Several pharmaceutical manufacturers have publicly disclosed that they have received subpoenas from DOJ requesting information related to donations to various charities operating patient assistance programs. In December 2017, DOJ announced that pharmaceutical company United Therapeutics Corp. agreed to pay $210 million to resolve claims that it used a charitable foundation as a conduit to pay kickbacks in the form of co-pays for Medicare patients taking United Therapeutics’ hypertension drugs in violation of the FCA. The recently appointed U.S. Attorney for Massachusetts, Andrew Lelling, explained why his office will continue to focus on pharmaceutical manufacturers’ charitable donations to patient assistance programs: “We perceive this as a problem. [I]t’s essentially a way to distort the pay structure for Medicaid when it comes to these kinds of drugs, and that seems like an issue.”1
HHS-OIG has also shown a keen interest in charitable donations by pharmaceutical manufacturers and recently modified advisory opinions related to the operation of patient assistance programs. In November 2017, just a month before DOJ announced the United Therapeutics settlement, HHS-OIG rescinded an advisory opinion it initially issued to a charity in 2006 and had updated in 2015. In doing so, HHS-OIG cited “the risk that [the charity] served as a conduit for financial assistance from a pharmaceutical manufacturer donor to a patient, and thus increased the risk that the patients who sought assistance from [the charity] would be steered to federally reimbursable drugs that the manufacturer donor sold.”2 As a result of the rescinded advisory opinion, that charity announced it would not provide financial assistance to patients in 2018.3
Earlier this month, on January 8, 2018, Patient Services, Inc. (PSI), a charity that operates patient assistance programs, sued HHS and the HHS inspector general in federal court, claiming that a modified advisory opinion HHS-OIG issued in 2017 placed unconstitutional restrictions on PSI’s First Amendment right to free speech.4 The modified advisory opinion required PSI to certify that it would not solicit suggestions from donors regarding the identification or delineation of disease funds and would not establish or modify funds for specific diseases at the request or suggestion of donors with a financial interest in the funds. The modified advisory opinion further required PSI to certify that it would not provide information to donors that would enable a donor to correlate its donations with the number of patients or the medical conditions of patients who use its products or services.
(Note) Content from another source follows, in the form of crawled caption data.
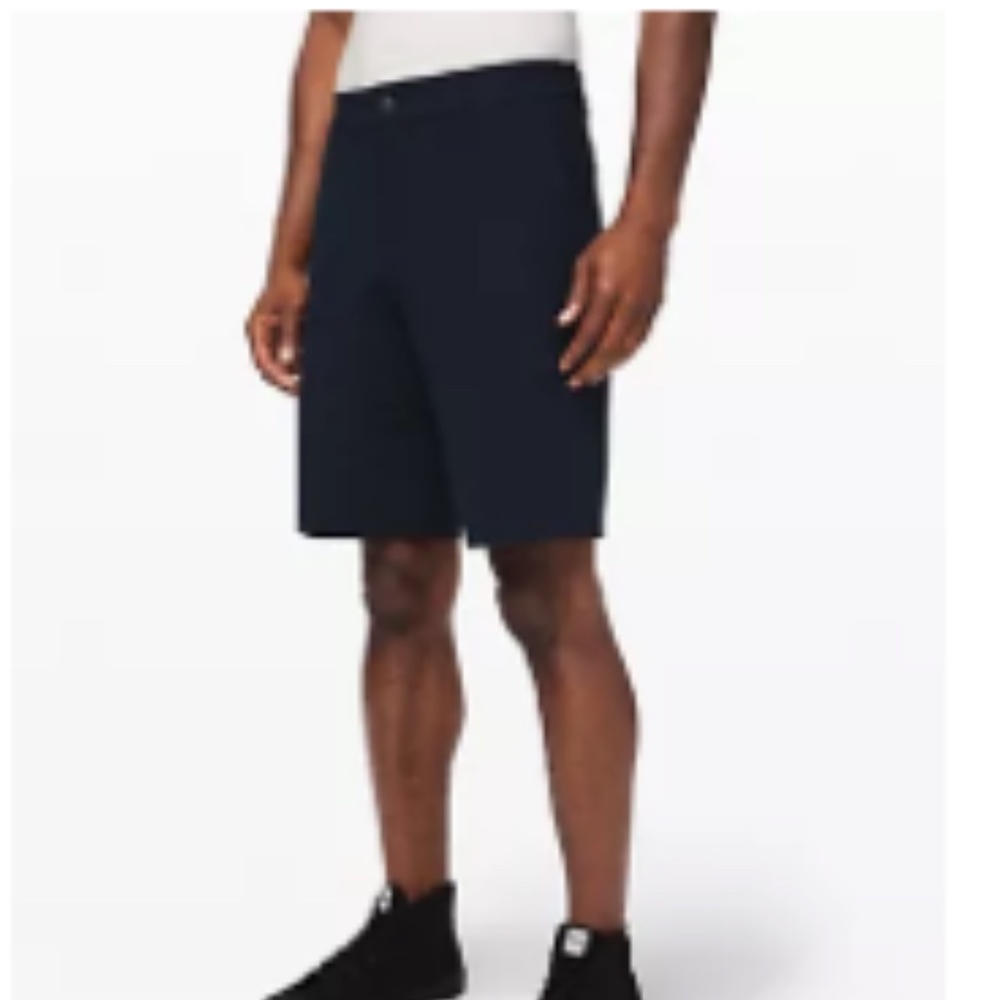 Sold——.  Commission Relaxed-Fit Short 11"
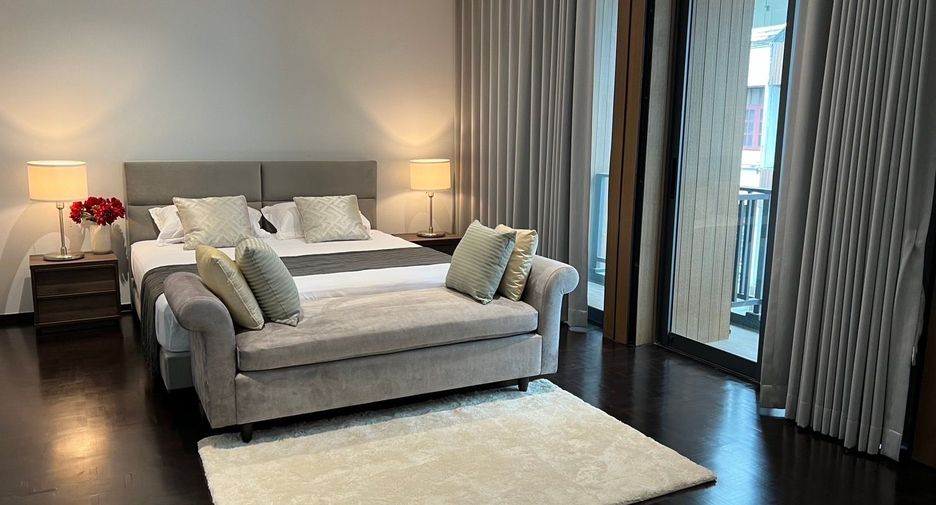 For rent 4 bedrooms townhouse in Watthana, Bangkok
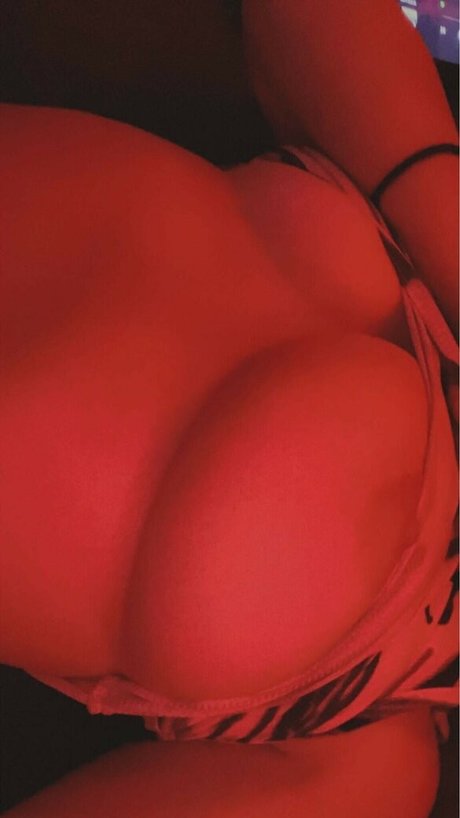 Hioobs schöne pornografische bild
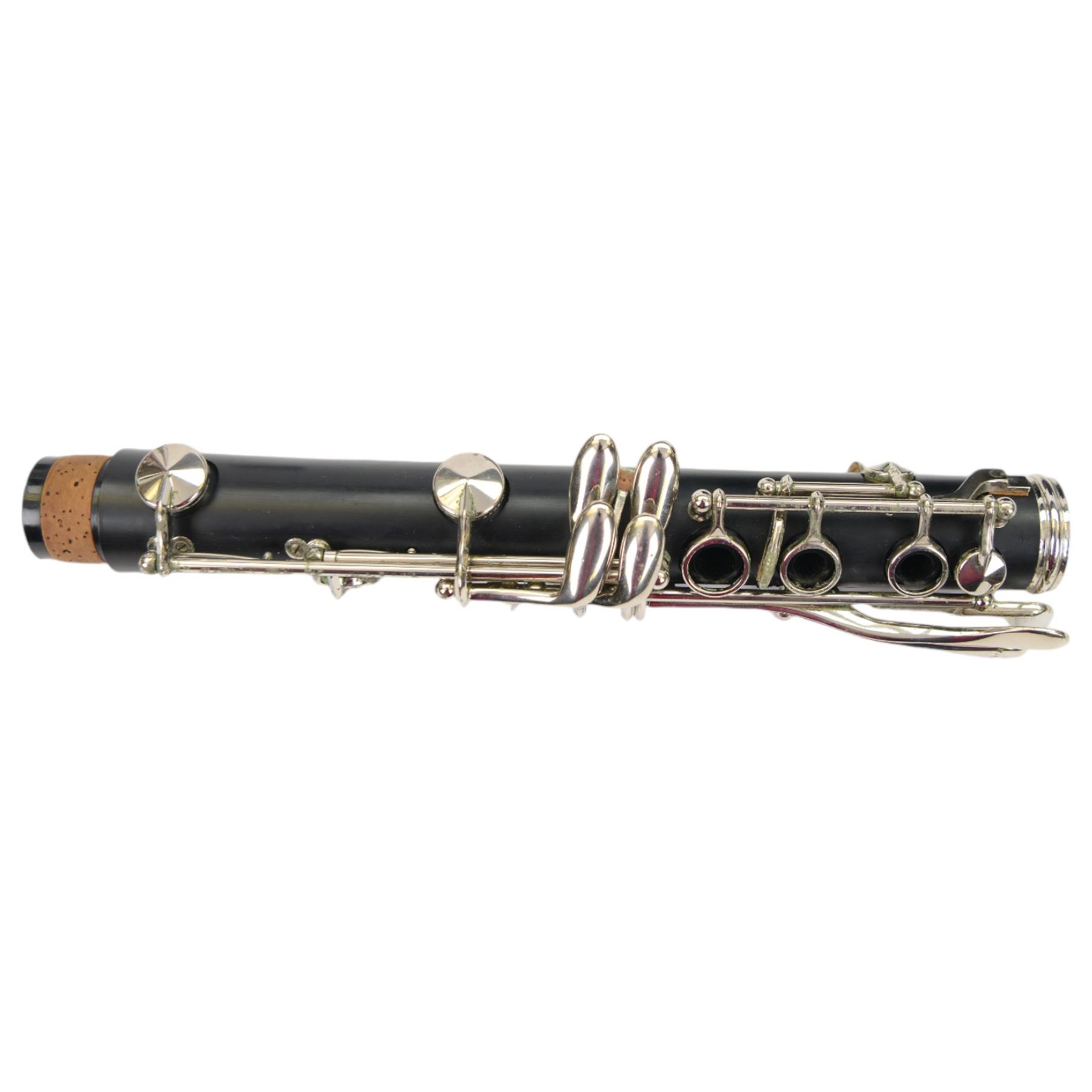 Yamaha 250 Bb clarinet serial no. 401808, with a resin body and chrome keys, in a velvet lined and padded hard case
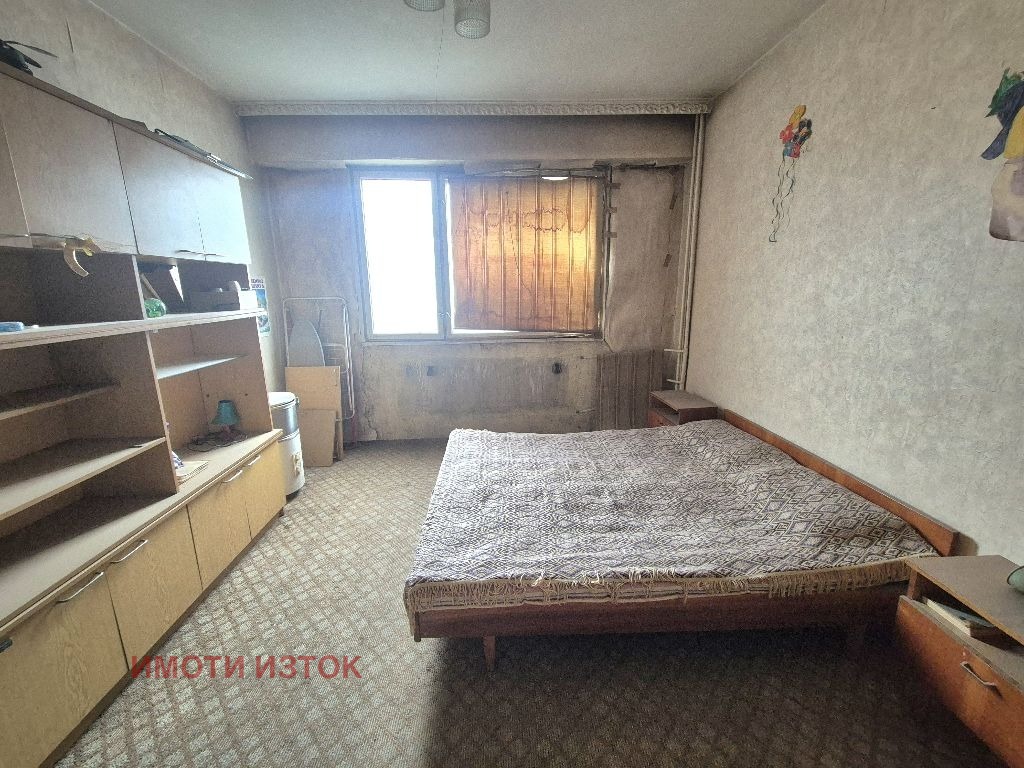 Продава 2-СТАЕН, гр. Перник, Изток, снимка 2 - Апартаменти - 52987622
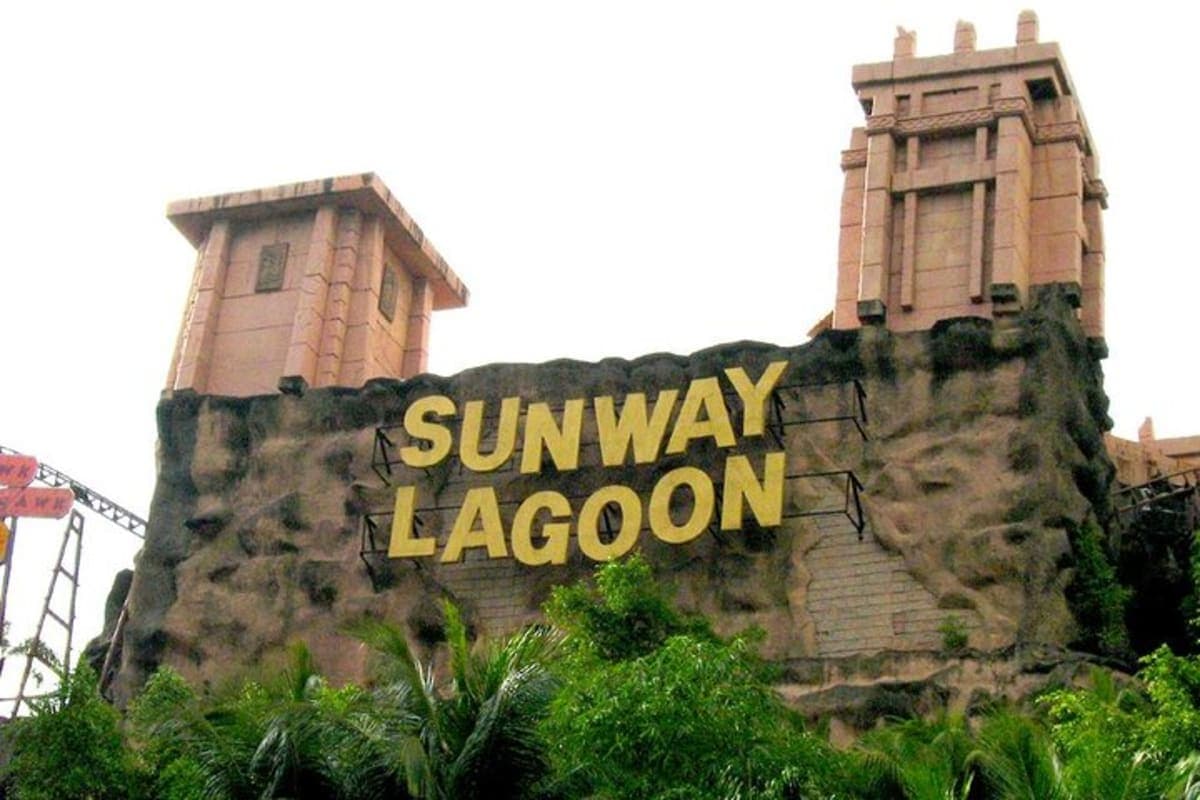 Sunway Lagoon Tour with Tickets and Private Transfer
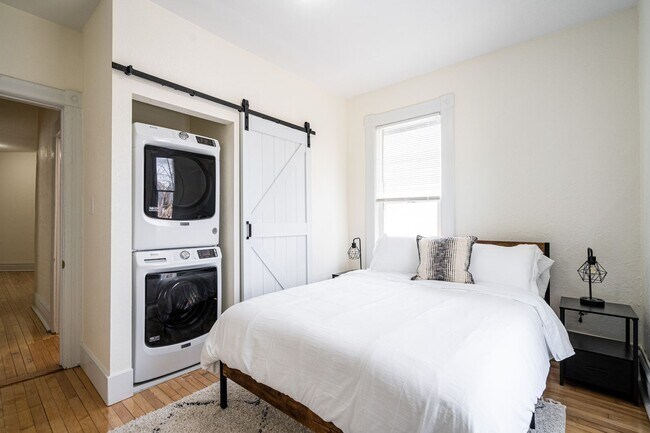 Building Photo - 4Bdrm Upper Flat of Eastside Duplex Fully ...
PSI’s complaint claims that these provisions create an unconstitutional restraint on PSI’s right to free speech and that compliance with them would interfere with PSI’s charitable mission of providing financial assistance to patients lacking the resources to pay for life-saving treatments.
While charitable contributions to potential referral sources will likely remain a focus of DOJ and HHS-OIG scrutiny, the Third Circuit’s Greenfield opinion establishes that charitable donations cannot form the basis of FCA liability absent a link between the contribution and a specific claim for payment.